‘Resolve More Power vs. PECO case,’ Iloilo City consumers urge SC 

Published August 21, 2020, 3:16 PM

by Rey Panaligan 

About 65,000 electricity consumers in Iloilo City have asked the Supreme Court (SC) to settle immediately the legal issues between two distribution utilities – franchise holder More Electric and Power Corp. (More Power) and the Panay Electric Co. (PECO).

The plea was aired by Halley Alcarde, general manager of Western Visayas Transport Cooperative (WVTC), who told the SC that the High Court’s ruling would have tremendous impact on consumers.

A check with the SC showed that the petition filed by More Power against PECO and the Mandaluyong City regional trial court (RTC) will be tackled in next week’s full court session

Pending with the SC is a petition filed by More Power which sought a reversal of the ruling of the Mandaluyong City RTC that declared certain provisions of More Power’s congressional franchise as unconstitutional.

Last year, the SC issued a temporary restraining order (TRO) which stopped the trial court from implementing its decision that declared Sections 10 and 17 of Republic Act No. 11212 (More Power’s franchise) as unconstitutional.
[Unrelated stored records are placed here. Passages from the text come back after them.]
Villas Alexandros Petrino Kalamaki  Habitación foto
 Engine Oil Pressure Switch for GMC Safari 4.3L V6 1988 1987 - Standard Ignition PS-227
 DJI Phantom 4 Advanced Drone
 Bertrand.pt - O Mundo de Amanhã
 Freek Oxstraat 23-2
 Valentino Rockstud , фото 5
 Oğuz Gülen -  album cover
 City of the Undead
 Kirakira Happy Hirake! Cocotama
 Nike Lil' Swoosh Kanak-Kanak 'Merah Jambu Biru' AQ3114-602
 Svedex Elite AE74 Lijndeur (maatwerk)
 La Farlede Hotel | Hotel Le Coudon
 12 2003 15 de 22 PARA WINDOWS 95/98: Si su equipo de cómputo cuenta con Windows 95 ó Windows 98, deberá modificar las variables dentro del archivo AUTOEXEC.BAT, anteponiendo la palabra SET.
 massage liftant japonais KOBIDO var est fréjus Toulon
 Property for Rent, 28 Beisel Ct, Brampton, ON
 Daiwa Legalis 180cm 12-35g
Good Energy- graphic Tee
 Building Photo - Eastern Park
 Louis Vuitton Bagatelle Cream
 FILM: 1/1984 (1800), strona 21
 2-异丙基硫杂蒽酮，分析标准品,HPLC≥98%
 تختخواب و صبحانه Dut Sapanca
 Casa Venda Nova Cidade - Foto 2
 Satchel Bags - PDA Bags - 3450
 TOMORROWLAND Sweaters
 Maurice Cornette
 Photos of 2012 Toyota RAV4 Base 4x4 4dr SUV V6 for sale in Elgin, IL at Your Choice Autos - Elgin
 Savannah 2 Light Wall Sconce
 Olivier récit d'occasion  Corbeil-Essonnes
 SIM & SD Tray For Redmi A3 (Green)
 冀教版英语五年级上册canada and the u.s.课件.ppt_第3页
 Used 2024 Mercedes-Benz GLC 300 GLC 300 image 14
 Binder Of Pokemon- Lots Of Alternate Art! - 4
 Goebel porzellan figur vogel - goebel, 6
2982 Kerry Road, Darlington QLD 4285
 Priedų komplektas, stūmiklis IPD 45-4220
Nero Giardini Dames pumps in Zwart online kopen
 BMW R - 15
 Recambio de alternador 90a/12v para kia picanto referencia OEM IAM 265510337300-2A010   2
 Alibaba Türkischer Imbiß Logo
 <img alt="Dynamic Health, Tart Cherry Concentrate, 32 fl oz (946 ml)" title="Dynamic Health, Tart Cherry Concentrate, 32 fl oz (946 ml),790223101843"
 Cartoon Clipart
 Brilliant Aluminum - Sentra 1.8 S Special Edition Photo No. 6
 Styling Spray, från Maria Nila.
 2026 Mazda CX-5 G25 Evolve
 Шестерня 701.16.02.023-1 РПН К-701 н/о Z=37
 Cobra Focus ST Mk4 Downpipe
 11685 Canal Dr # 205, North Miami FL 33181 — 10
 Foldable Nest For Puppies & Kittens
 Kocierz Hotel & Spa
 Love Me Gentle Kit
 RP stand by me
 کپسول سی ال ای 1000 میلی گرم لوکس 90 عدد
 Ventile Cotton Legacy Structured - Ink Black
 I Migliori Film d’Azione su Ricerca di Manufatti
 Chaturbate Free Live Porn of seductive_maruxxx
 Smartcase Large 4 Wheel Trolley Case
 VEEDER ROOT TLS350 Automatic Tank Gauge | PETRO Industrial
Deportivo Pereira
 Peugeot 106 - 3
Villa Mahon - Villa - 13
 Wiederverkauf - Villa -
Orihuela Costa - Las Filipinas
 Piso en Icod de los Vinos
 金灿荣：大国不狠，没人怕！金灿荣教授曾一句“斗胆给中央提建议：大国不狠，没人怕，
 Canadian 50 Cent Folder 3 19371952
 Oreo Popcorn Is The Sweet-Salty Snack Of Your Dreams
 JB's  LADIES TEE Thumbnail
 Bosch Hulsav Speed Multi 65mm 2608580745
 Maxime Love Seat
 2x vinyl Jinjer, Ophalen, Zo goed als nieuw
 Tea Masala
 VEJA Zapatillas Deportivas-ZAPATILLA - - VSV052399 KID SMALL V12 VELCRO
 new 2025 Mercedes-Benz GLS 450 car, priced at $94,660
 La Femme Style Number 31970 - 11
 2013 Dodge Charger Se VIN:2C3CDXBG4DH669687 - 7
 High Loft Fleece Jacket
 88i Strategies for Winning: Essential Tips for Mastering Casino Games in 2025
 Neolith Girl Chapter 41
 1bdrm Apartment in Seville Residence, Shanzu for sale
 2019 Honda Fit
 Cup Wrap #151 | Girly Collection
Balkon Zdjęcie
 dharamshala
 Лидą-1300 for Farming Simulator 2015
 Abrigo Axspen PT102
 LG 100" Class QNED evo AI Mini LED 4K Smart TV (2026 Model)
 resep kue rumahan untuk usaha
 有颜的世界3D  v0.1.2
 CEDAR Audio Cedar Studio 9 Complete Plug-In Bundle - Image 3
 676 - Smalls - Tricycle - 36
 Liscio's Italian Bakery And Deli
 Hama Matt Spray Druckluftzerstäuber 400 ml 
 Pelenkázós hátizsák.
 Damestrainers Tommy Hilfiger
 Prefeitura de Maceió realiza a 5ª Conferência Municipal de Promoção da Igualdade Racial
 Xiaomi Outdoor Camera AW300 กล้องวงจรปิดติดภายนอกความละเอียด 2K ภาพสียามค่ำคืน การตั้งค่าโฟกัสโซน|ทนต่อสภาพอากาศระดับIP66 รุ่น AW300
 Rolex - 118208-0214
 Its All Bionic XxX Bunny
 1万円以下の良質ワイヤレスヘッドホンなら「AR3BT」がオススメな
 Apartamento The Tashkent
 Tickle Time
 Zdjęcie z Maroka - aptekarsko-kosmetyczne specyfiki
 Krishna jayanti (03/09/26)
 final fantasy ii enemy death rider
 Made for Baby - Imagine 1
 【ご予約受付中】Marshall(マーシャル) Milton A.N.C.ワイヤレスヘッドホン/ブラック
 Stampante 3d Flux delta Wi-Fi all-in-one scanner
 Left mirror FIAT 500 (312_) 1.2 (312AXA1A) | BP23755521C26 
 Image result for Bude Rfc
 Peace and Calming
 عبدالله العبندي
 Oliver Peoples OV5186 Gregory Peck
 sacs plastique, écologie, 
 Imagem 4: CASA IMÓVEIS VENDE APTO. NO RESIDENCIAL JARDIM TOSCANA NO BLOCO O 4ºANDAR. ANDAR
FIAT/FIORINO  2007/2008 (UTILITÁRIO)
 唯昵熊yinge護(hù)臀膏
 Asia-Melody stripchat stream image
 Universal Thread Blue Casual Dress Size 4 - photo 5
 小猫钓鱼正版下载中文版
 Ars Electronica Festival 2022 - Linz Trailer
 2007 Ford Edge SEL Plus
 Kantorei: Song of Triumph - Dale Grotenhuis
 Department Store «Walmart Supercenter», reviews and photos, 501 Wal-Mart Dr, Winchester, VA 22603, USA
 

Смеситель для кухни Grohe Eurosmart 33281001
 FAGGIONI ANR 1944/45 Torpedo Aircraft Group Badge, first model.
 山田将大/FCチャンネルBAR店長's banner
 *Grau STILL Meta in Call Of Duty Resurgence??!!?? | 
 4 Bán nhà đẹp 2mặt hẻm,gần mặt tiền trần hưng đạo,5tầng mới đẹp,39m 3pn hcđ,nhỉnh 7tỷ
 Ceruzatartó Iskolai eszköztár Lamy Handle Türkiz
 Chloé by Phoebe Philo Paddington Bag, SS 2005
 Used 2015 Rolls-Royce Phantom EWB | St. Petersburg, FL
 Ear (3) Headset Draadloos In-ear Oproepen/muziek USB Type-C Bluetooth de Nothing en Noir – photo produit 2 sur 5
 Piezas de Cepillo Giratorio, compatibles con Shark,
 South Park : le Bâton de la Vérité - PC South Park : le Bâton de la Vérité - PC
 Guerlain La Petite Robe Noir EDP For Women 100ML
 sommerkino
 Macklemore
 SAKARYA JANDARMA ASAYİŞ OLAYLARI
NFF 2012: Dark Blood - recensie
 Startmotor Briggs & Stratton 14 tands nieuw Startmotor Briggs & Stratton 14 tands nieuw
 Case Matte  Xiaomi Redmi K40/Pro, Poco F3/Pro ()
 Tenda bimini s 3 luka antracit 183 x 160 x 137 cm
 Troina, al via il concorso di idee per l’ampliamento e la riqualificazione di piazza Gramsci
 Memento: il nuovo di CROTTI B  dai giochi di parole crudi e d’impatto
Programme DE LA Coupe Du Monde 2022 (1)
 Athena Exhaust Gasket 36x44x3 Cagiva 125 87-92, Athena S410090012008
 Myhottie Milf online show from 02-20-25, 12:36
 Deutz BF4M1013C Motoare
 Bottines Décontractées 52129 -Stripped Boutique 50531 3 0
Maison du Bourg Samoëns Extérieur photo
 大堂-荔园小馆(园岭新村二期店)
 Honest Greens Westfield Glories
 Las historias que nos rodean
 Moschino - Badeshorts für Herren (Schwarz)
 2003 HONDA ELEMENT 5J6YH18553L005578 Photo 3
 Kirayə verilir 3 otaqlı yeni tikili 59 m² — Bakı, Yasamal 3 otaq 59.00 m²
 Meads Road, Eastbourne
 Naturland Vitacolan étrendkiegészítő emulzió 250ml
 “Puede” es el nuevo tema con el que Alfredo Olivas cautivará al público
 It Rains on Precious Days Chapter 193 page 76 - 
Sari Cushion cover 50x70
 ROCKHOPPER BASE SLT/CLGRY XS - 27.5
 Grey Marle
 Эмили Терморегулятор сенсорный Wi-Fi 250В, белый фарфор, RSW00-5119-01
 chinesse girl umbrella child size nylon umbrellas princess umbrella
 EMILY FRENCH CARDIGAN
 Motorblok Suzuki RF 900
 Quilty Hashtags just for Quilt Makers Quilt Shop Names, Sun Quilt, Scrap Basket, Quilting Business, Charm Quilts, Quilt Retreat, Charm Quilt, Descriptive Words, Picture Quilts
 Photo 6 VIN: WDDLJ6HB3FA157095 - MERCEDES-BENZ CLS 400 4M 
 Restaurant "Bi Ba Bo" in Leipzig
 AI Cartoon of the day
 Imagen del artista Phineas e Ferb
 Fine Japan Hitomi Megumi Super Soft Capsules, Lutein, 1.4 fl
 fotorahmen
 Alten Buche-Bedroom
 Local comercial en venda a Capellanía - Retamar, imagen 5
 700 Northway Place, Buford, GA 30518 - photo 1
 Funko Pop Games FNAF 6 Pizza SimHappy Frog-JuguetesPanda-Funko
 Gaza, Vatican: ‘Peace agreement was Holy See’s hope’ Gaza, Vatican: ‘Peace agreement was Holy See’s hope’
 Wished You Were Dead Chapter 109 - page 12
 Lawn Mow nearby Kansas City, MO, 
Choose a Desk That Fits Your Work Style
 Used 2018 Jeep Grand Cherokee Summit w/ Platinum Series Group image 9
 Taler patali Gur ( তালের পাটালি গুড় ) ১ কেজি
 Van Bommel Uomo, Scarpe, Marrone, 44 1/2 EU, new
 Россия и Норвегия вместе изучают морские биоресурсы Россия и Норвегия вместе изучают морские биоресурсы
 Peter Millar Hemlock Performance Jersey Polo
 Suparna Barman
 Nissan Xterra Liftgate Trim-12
Sections 10 and 17 granted More Power, as the new distribution utility in Iloilo City, the powers of eminent domain and to expropriate any asset, including existing distribution assets in the city.

More Power had secured the franchise after both chambers of Congress ignored PECO’s application to renew its franchise which expired last January 18, 2019.

In a press statement, Alcarde that in resolving the legal issue the SC should “take into consideration the plight of the 65,000 power consumers in the city who will be directly impacted by the decision of the court.”

Alcarde said that More Electric holds the legislative franchise to operate the electricity distribution system of Iloilo City, and has been granted a business permit by the Iloilo City government and Certificate of Public Convenience and Necessity (CPCN) by the Energy Regulatory Commission (ERC).

But he said PECO continues to question the takeover of its business operations saying it was unconstitutional.

Alcarde said “More Electric has proven itself capable to manage the distribution system of Iloilo City even if it has only been in operation for six months.”

“Consumers were able to experience better, more reliable and efficient services from More Power in the past six months compared to PECO’s operations which has lasted for several decades,” he said.

“We know that in terms of legal issues, the SC justices will look at the rule of law but we hope they can also consider the appeal of the consumers and prioritize it…,” he added.

Last March, the SC assured all electric consumers in Iloilo City that its decisions “are always founded on facts, applicable laws, and current jurisprudence.”

SC Spokesperson and public information office (PIO) Chief Atty. Brian Keith F. Hosaka said: “The SC is composed of 15 justices and its actions are based on the majority vote of the members en banc (full court) or of a division. That is how the SC acts as mandated by our Constitution, and that is why it will always be objective and independent.”

Hosaka’s statement was the SC’s reaction to Party-List Rep. Joseph Stephen Paduano who claimed that the SC is biased in favor of More Electric to the prejudice of PECO.